Les dernières statistiques de l'Union Européenne indiquent que 500.000 nouveaux hectares supplémentaires sont alloués à l'agriculture biologique chaque année tandis que le nombre d'exploitations a augmenté de moitié entre 2003 et 2010.

Il est surprenant de voir à quel point le développement des exploitations de ce type a pris de l'ampleur, et ce dans l'ensemble des 27 pays de l'Union. Ainsi, en 2011, près de 10 millions d'hectares étaient réservés aux pratiques bio.

Un secteur réglementé

Bien entendu, l'UE dispose de règles définissant l'agriculture bio, concernant l'utilisation de pesticides chimiques, d'engrais et de médicaments. Mais ce n'est pas tout: le bien-être animal entre également en jeu lorsqu'il s'agit d'allouer à une exploitation le qualificatif "bio". De plus, les OGM sont catégoriqement rejetés dans ce cadre.

Toutefois, il a été avéré que certains produits labellisés "bio" contenaient des pesticides, des antibiotiques ou des OGM. Pour cette raison, la Cour des Comptes Européenne a plaidé pour un renforcement rapide des règles régissant l'agriculture bio au sein de l'Union. Ces cas restent toutefois relativement marginaux.
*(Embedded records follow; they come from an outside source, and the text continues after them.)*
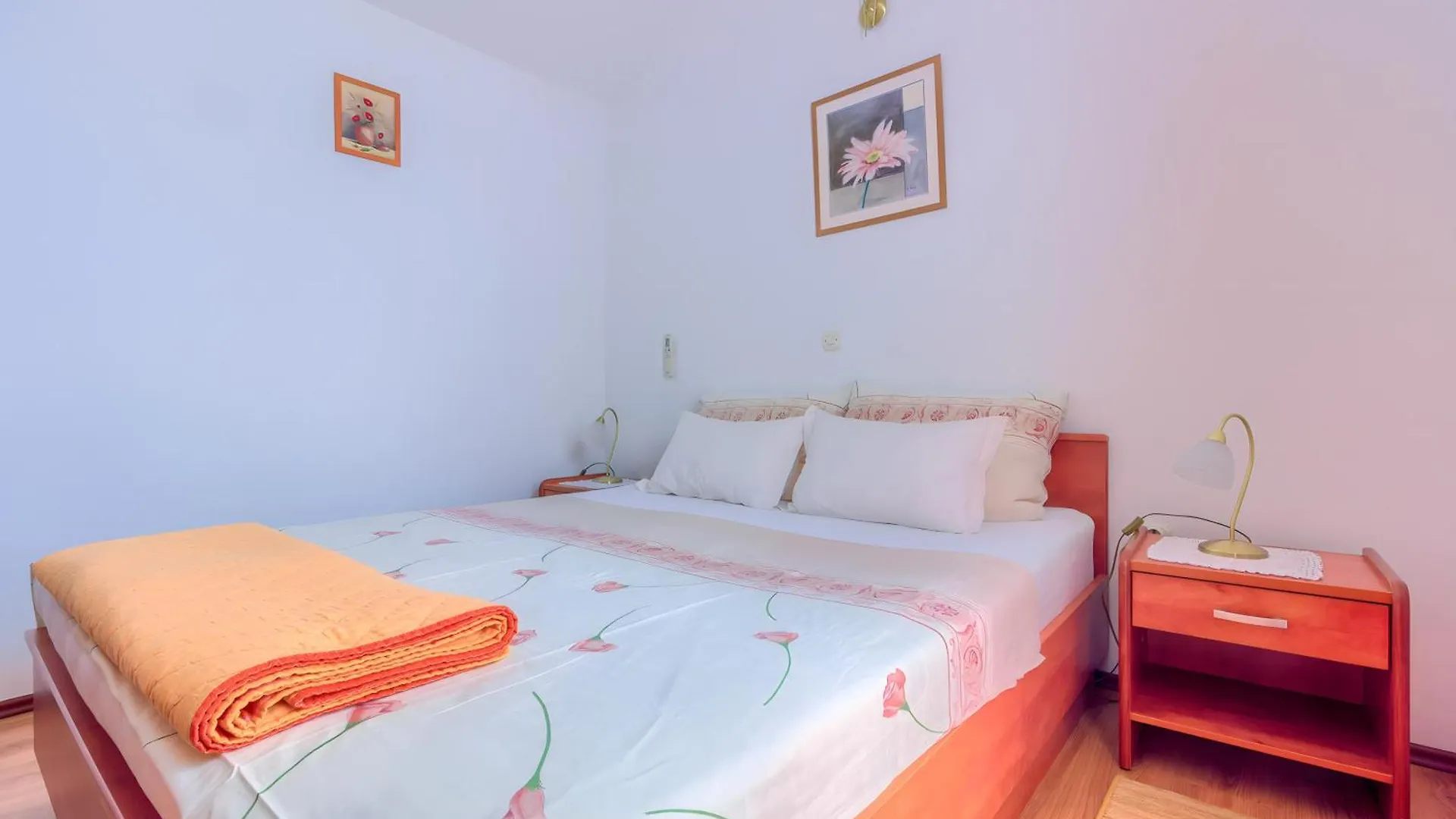 Villa Jela Trogir Croatia
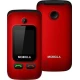 MOBIOLA mobilni telefon MB610, Red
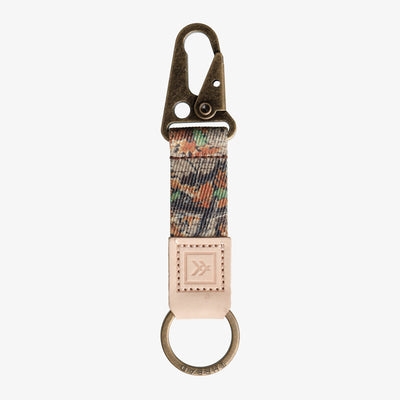 Realtree Advantage - Keychain Clip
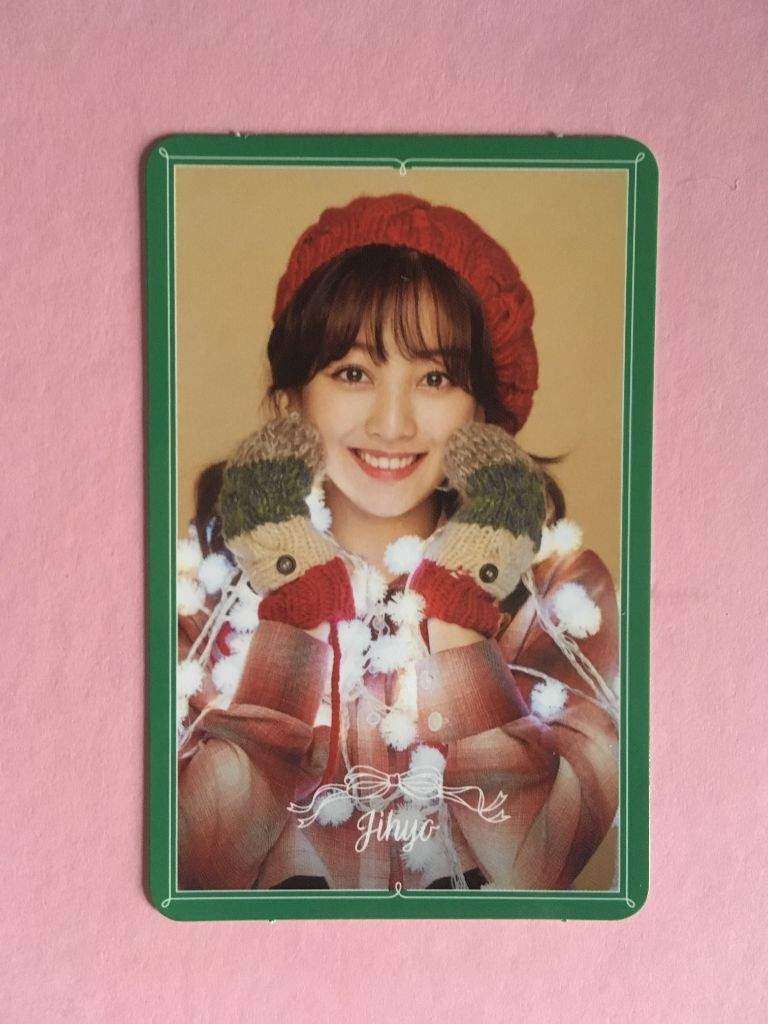 Merry Happy Album Unboxing Twice 트와이스 ㅤ Amino
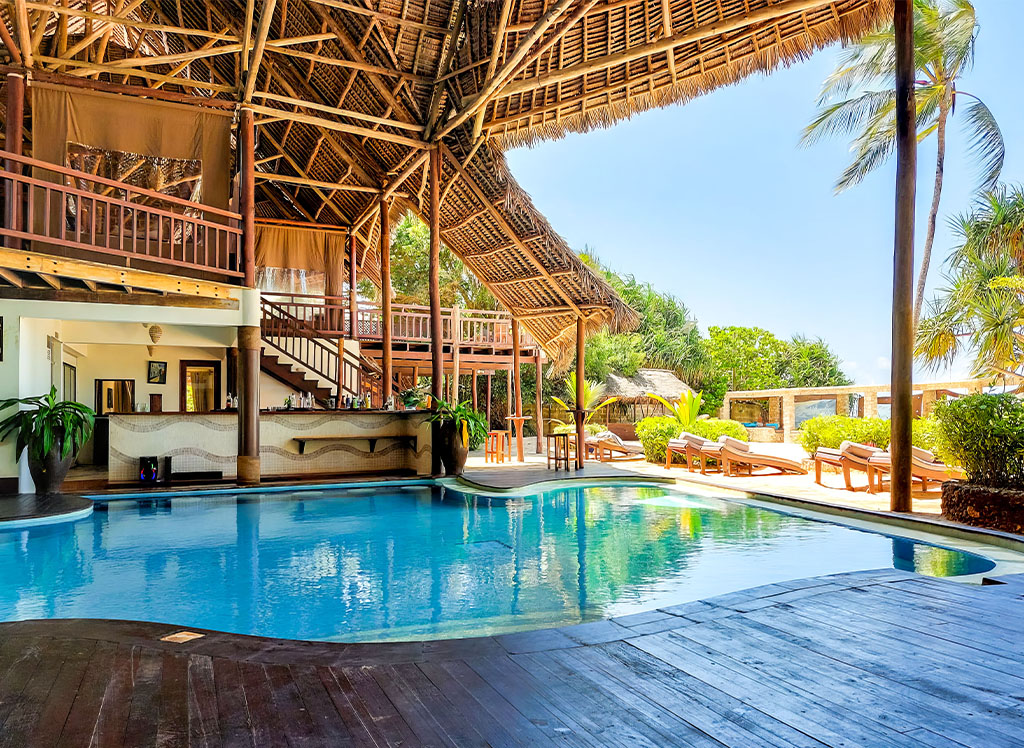 7-Night Couple’s Escape: A Journey of Love and Tranquillity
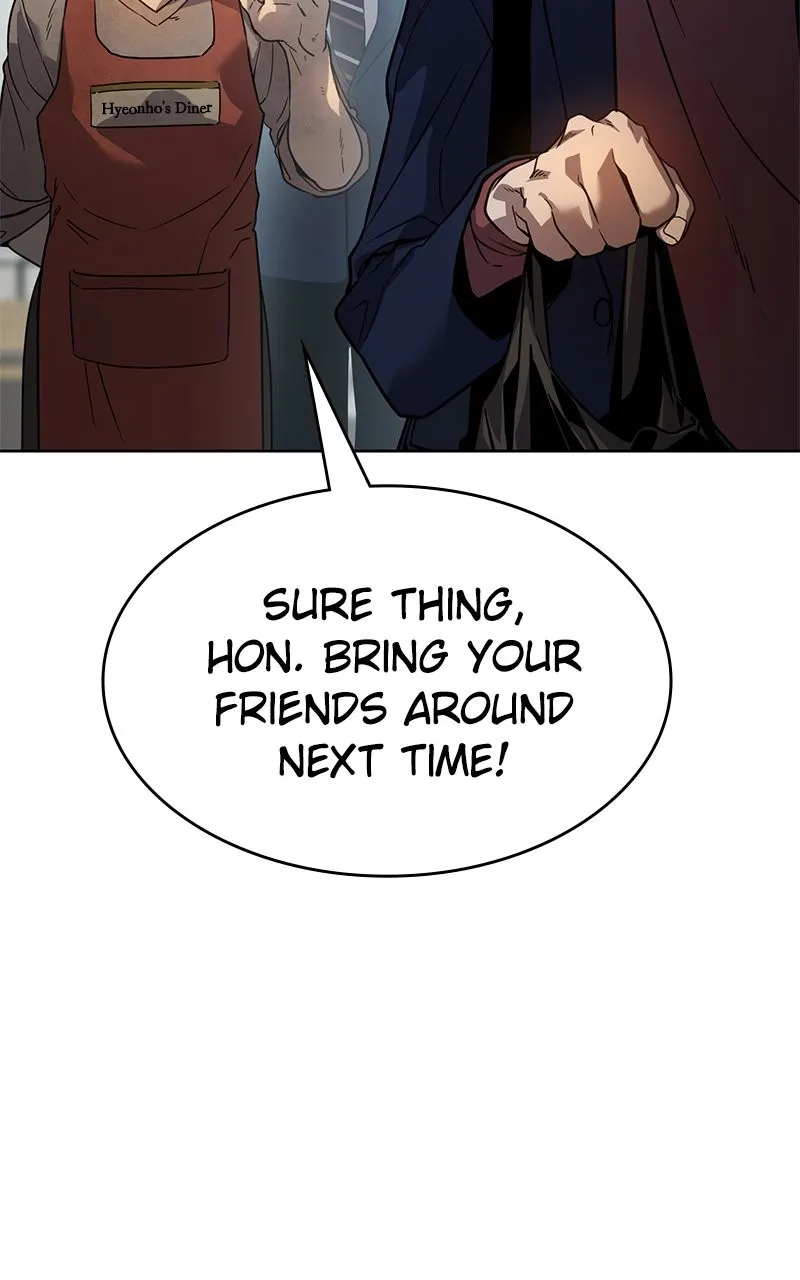 Dead Mansion Chapter 1 page 192 - 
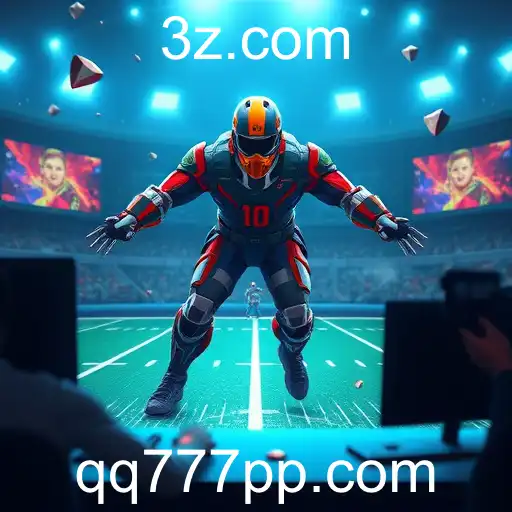 Tendências Atuais no Mundo dos Jogos Online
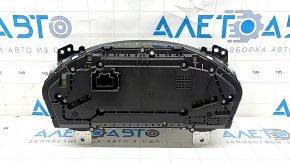 Щиток приборов Ford Escape MK4 20-26 Mid series analog, hybrid, 71к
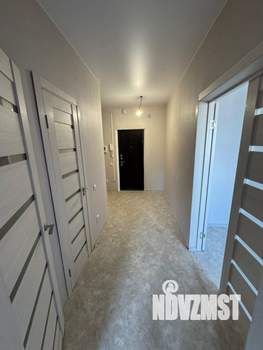 1-к квартира, вторичка, 37м2, 12/14 этаж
Les anciens sont les meilleurs élèves

Les 15 plus vieux membres de l'UE (Belgique, France, Italie, Allemagne, etc) constituent les pays où la transition est la plus rapide, très certainement en raison, notamment, de la demande de leurs marchés intérieurs.

Les jeunes à la barre

Ces statistiques montrent que les agriculteurs bio sont généralement plus jeunes que la moyenne. En 2010, 61% des exploitants bio se situait sous la barre des 55 ans, contre 44% pour les agriculteurs conventionnels.